No me queda muy claro esa especie de pérdida de noción de la realidad que da el poder. Es una enfermedad silenciosa que te agarra cuando te ponés tu mejor ropa, te dan una credencial de plástico y una banca. Te olvidás de todo. Te da una amnesia selectiva y fulminante.

El otro día escuchaba a un legislador nacional en la tele, (da lo mismo el partido, son todos clones cuando les ponés un micrófono adelante) que decía, con el mentón levantado y cara de estar salvando a la patria: «Voy a votar según mis profundas convicciones y respetando la doctrina de mi partido». Lo decía orgulloso, el tipo. Esperando el aplauso.

Y yo me quedé mirando la pantalla con el tenedor a mitad de camino a la boca, pensando: ¿Pero qué dice este buen hombre? ¿Quién carajo le preguntó por sus convicciones?

Vamos a poner las cosas en blanco y negro a ver si se entiende. Imaginate que llamás a una hamburguesería. Tenés hambre, es sábado a la noche, querés una de esas bien ricas (como las hacía “el no flaco” de Lomo´s allá en los 90). Juntás la guita entre todos los de la mesa, llamás, pagás y te quedás esperando. A la hora llega el cadete en la moto. Abre la caja de cartón y adentro hay una tarta de acelga. Fría.

Vos lo mirás al muchacho y le decís: «Che, flaco, yo te pedí hamburguesa». Y el motoquero, con el mismo tono de estadista del legislador, te contesta: «Mirá, yo en el camino lo estuve pensando seriamente, lo consulté con mis convicciones más profundas y con la doctrina de mi familia, y llegamos a la conclusión de que a vos te conviene comer verdura.

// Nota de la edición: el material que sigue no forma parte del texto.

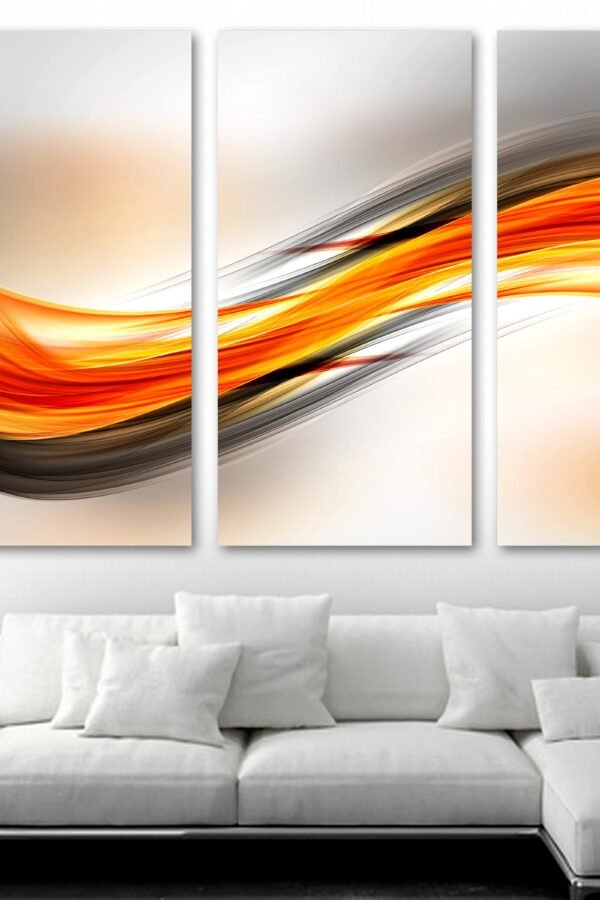 Abstract Art Orange Wave Canvas Print Wall - Wave, Art- Giclee Art For Home Decor, Wall Interior Design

Es más sano».

¿Qué hacés? Lo sacás a patadas en el traste hasta la esquina. No te importa su vida, no te importan sus dilemas morales, ni lo que opine su mamá sobre el colesterol. Vos le diste plata para que te traiga hamburguesas. Punto.

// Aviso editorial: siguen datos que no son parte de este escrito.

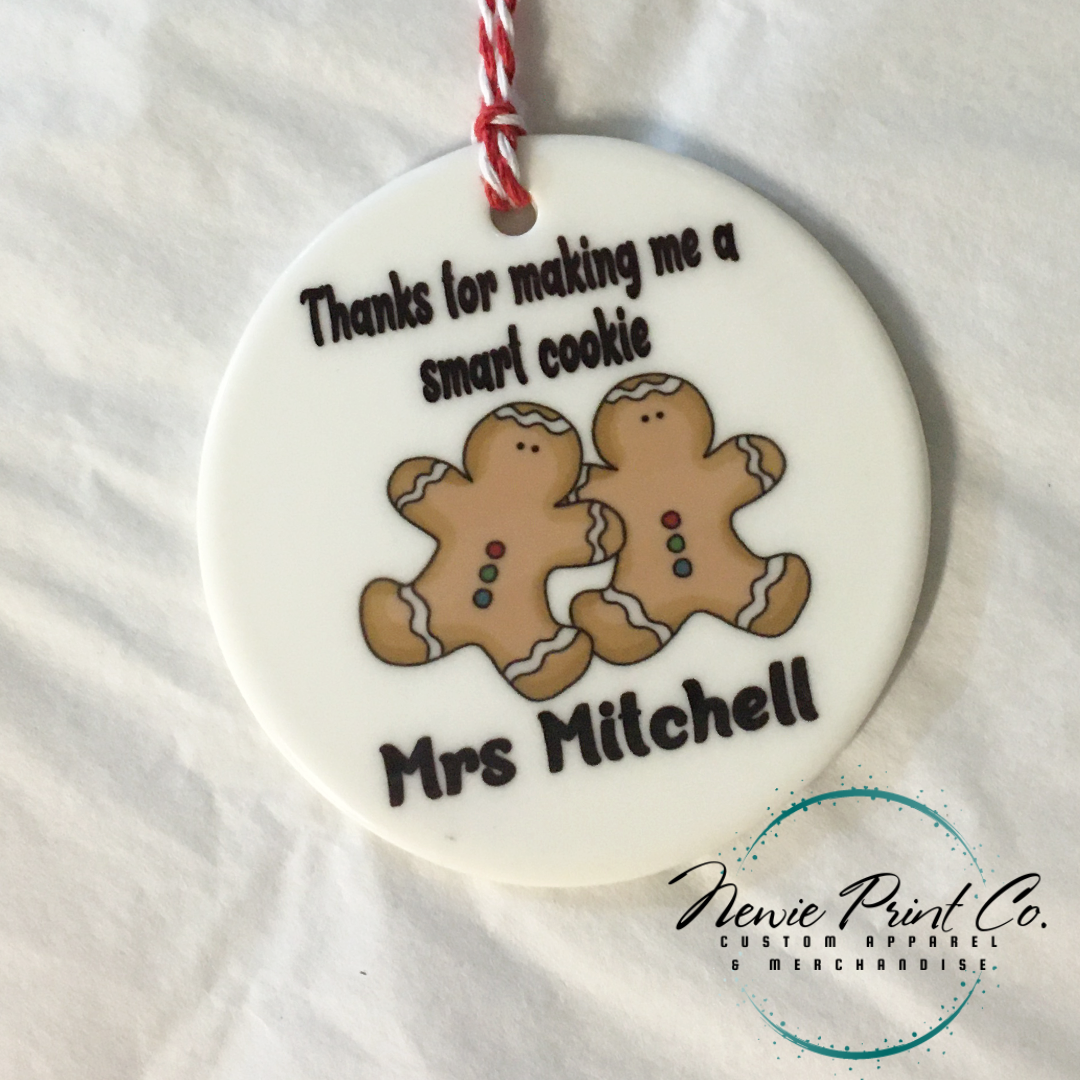 Personalised Teacher Ornament Smart Cookie - Christmas Keepsake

Bueno, con los diputados y senadores pasa exactamente eso, pero al revés. El tipo no va al Congreso de la Nación a representarse a sí mismo. No va a hacer terapia ni a lucir su impecable brújula moral. El tipo está ahí porque un sector de la sociedad (el carnicero de la esquina, la maestra que viaja en el 106, el jubilado que no llega a fin de mes) fue un domingo, metió un papelito en una urna y le dio un mandato. Le dijo: «Tomá, te pago el sueldo, te doy la obra social, te pongo un despacho para que vayas a Buenos Aires y digas exactamente lo que yo diría si pudiera sentarme en esa banca».

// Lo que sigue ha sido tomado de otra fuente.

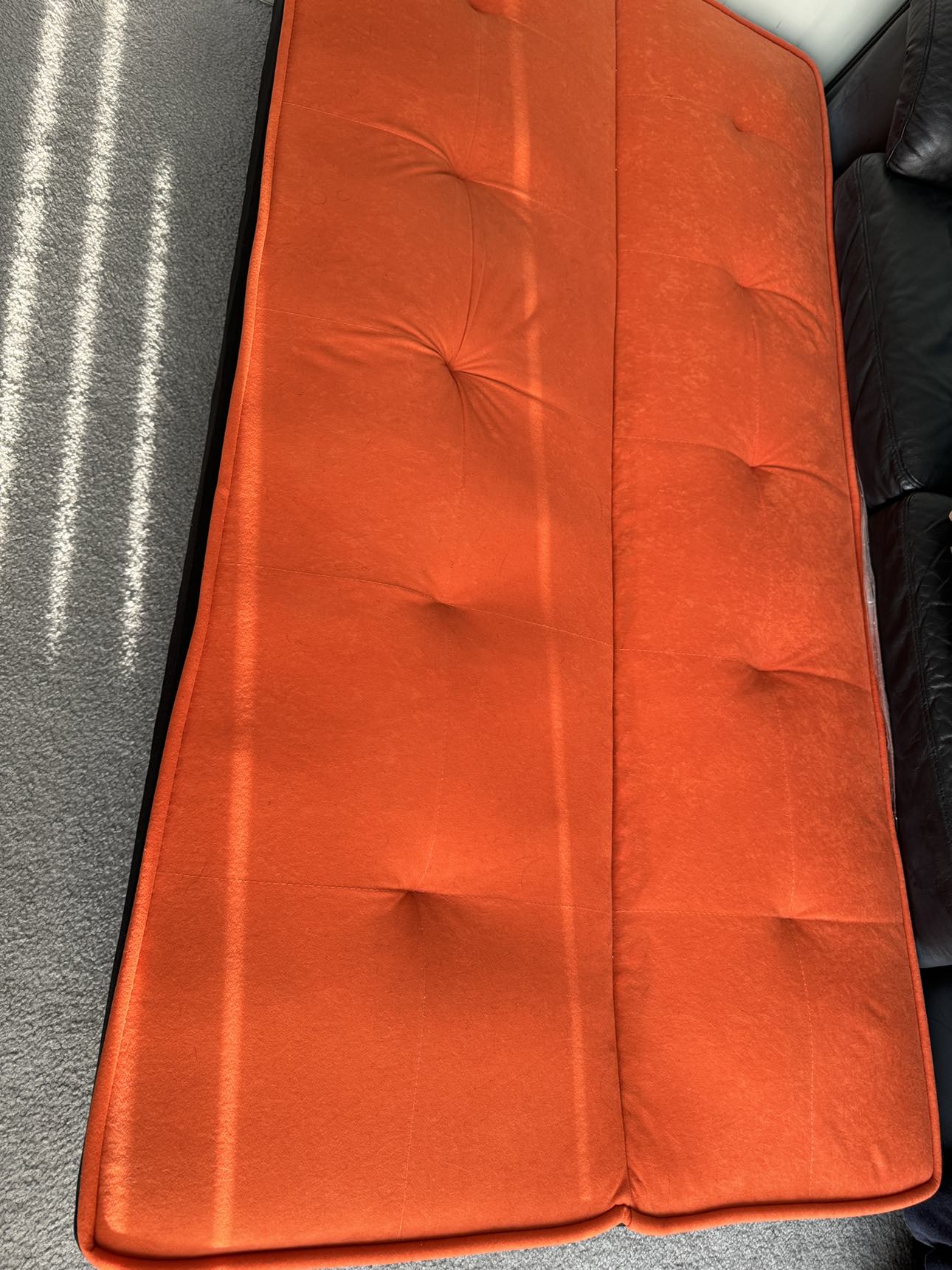Orange 2 in 1 sofa (pick up only) - photo 2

El legislador no es el dueño del voto; es el cartero. Y a ningún cartero se le ocurre abrir la carta en el camino, leerla y decir: «Uh, no, esto que le escribe Juan a Pedro me parece que va en contra de mis valores, mejor se la cambio y le escribo un poema». ¡No! Entregá la carta, hermano. Votá lo que la gente que te puso ahí quiere que votes.

Pero claro, se encierran en ese microclima donde todos se saludan de «doctor», donde el café es gratis y las alfombras amortiguan el ruido de los zapatos. Y entonces se convencen de que son filósofos contemporáneos. Empiezan a transar en los pasillos: «Yo te voto la ley de los glaciares si vos me votás el presupuesto para el cordón cuneta de mi provincia». Y en el medio, la gente que los votó queda colgada del pincel, mirando la tele sin entender en qué momento su pedido de hamburguesa se transformó en una tarta de acelga incomible.

Nos hemos acostumbrado a una perversión total del sistema. Nos parece normal que un tipo sea elegido por una plataforma electoral y que a los tres meses se cambie de bloque «por razones de conciencia», o porque el jefe de partido le pegó un grito por teléfono. Eso no es tener convicciones; eso es estafa por publicidad engañosa. Si tus convicciones cambiaron, perfecto: devolvé la banca, volvé a tu casa, armate un partido nuevo y presentate de nuevo. Pero no te quedes con el delivery que era de otro.

Al final, uno se queda con una sensación de soledad tremenda. La certeza de que el domingo de las elecciones somos los reyes del mundo, los soberanos, los que decidimos el destino de la nación… y el lunes a la mañana pasamos a ser, otra vez, los giles que le pagamos la fiesta a un grupo de tipos que votan según les conviene, mientras nos explican que lo hacen por nuestro propio bien.